Artesunate (ART) is one of the semi-synthetic derivatives of artemisinin. It is currently mainly used in the clinic for the rescue of cerebral malaria and various critical malaria. Recent studies have shown that it has a wide range of anti-tumor effects. However, its treatment for hepatocellular carcinoma (HCC) and its specific mechanism remain unclear.

Purpose

This study aims to investigate ART therapeutic effects on HCC and elucidate its molecular mechanisms.

Methods

This study explored the inhibitory effect of ART on HCC through in vivo and in vitro experiments. Cellular experiments evaluated the effects of ART on HCC cell lines (HepG2, H22, Hepa1-6) using CCK-8, Annexin/PI staining, wound healing, and Immunofluorescence. In vivo, ART was tested in HepG2 xenografts and H-ras12V transgenic mice, with tumor growth monitored by Doppler ultrasound. Multi-omics (transcriptomics, network pharmacology, single-cell sequencing) identified MMP9 as a key target. Mechanisms were explored via molecular docking/dynamics, thermal shift assays, and Western blot analysis. Flow cytometry and immunofluorescence confirm CD8 + T cell infiltration.

Results

ART inhibited the proliferation of HCC cell lines and promoted its apoptosis. In vivo experiments showed that it had a certain inhibitory effect on the development of immune-deficient mice transplanted tumors. Continuous monitoring of tumor growth by Doppler ultrasound found that its effect was more obvious in the immune-competent spontaneous H-ras12V mouse model of liver cancer, especially for the development of small tumors. Mechanistically, ART can inhibit tumor growth by inhibiting the classic PI3K-AKT signaling pathway, which is consistent with the results in other tumor studies.
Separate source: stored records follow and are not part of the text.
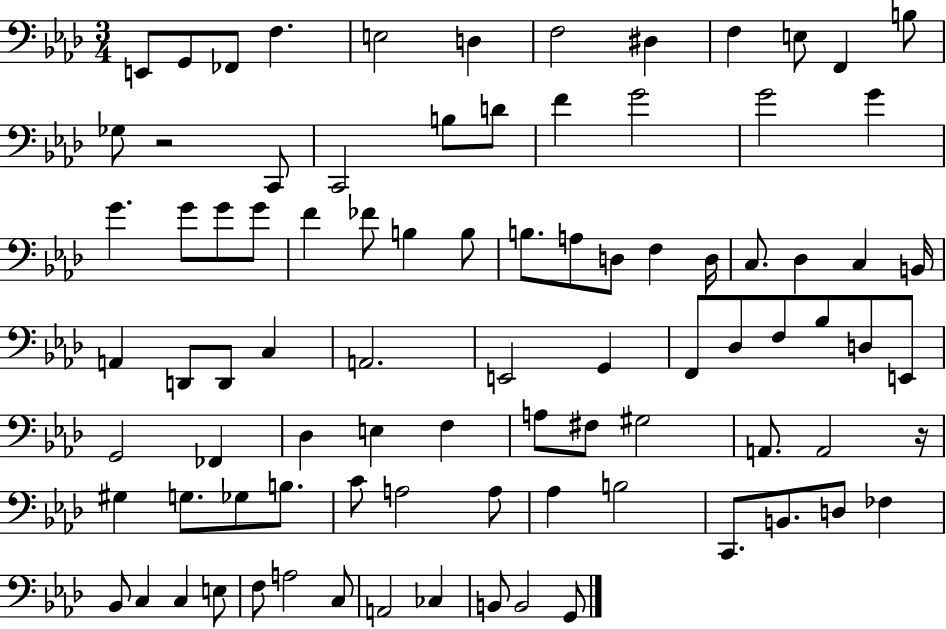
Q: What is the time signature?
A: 3/4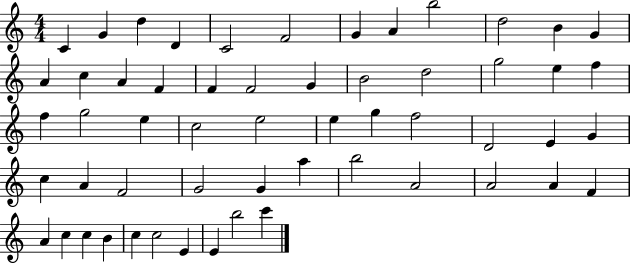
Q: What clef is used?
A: treble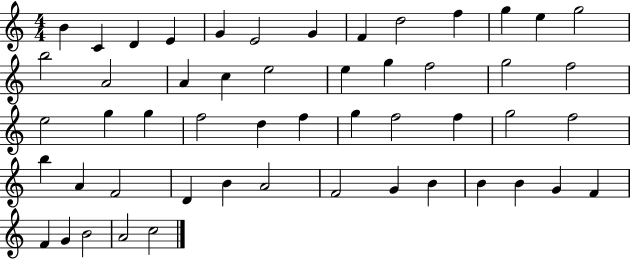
X:1
T:Untitled
M:4/4
L:1/4
K:C
B C D E G E2 G F d2 f g e g2 b2 A2 A c e2 e g f2 g2 f2 e2 g g f2 d f g f2 f g2 f2 b A F2 D B A2 F2 G B B B G F F G B2 A2 c2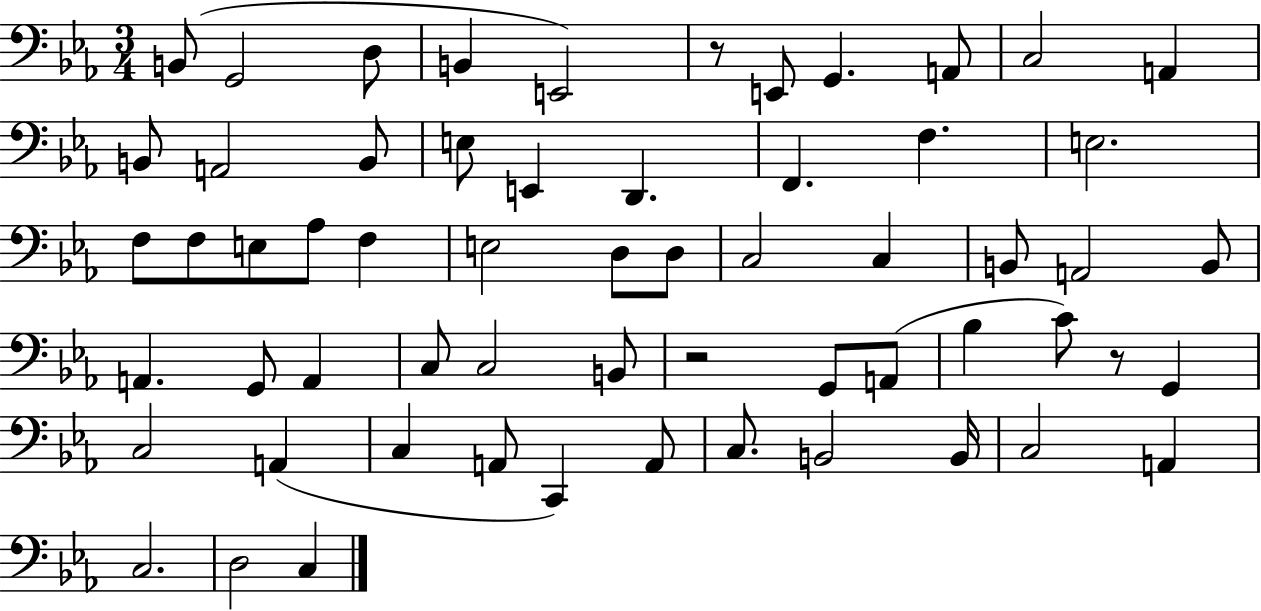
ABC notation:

X:1
T:Untitled
M:3/4
L:1/4
K:Eb
B,,/2 G,,2 D,/2 B,, E,,2 z/2 E,,/2 G,, A,,/2 C,2 A,, B,,/2 A,,2 B,,/2 E,/2 E,, D,, F,, F, E,2 F,/2 F,/2 E,/2 _A,/2 F, E,2 D,/2 D,/2 C,2 C, B,,/2 A,,2 B,,/2 A,, G,,/2 A,, C,/2 C,2 B,,/2 z2 G,,/2 A,,/2 _B, C/2 z/2 G,, C,2 A,, C, A,,/2 C,, A,,/2 C,/2 B,,2 B,,/4 C,2 A,, C,2 D,2 C,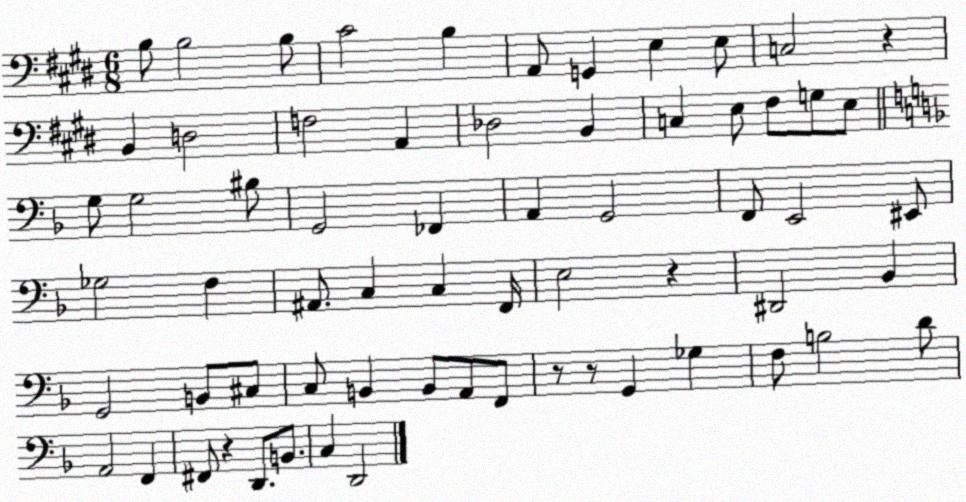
X:1
T:Untitled
M:6/8
L:1/4
K:E
B,/2 B,2 B,/2 ^C2 B, A,,/2 G,, E, E,/2 C,2 z B,, D,2 F,2 A,, _D,2 B,, C, E,/2 ^F,/2 G,/2 E,/2 G,/2 G,2 ^B,/2 G,,2 _F,, A,, G,,2 F,,/2 E,,2 ^E,,/2 _G,2 F, ^A,,/2 C, C, F,,/4 E,2 z ^D,,2 _B,, G,,2 B,,/2 ^C,/2 C,/2 B,, B,,/2 A,,/2 F,,/2 z/2 z/2 G,, _G, F,/2 B,2 D/2 A,,2 F,, ^F,,/2 z D,,/2 B,,/2 C, D,,2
At the same time, ART can directly target MMP9 and promote its degradation, thereby inhibiting tumor’s angiogenesis. To explain why its effect was more pronounced in immune-competent mice, we found ART can significantly increase the tumor infiltration of CD8 + T cells and its effect is also achieved by degrading MMP9.

Conclusion

Our findings reveal that ART inhibits HCC tumorigenesis and progression by targeting MMP9 to suppress angiogenesis and enhance CD8+ T cell infiltration. This study provides a mechanistic basis for the potential clinical application of ART in HCC therapy and identifies MMP9 as a promising therapeutic target.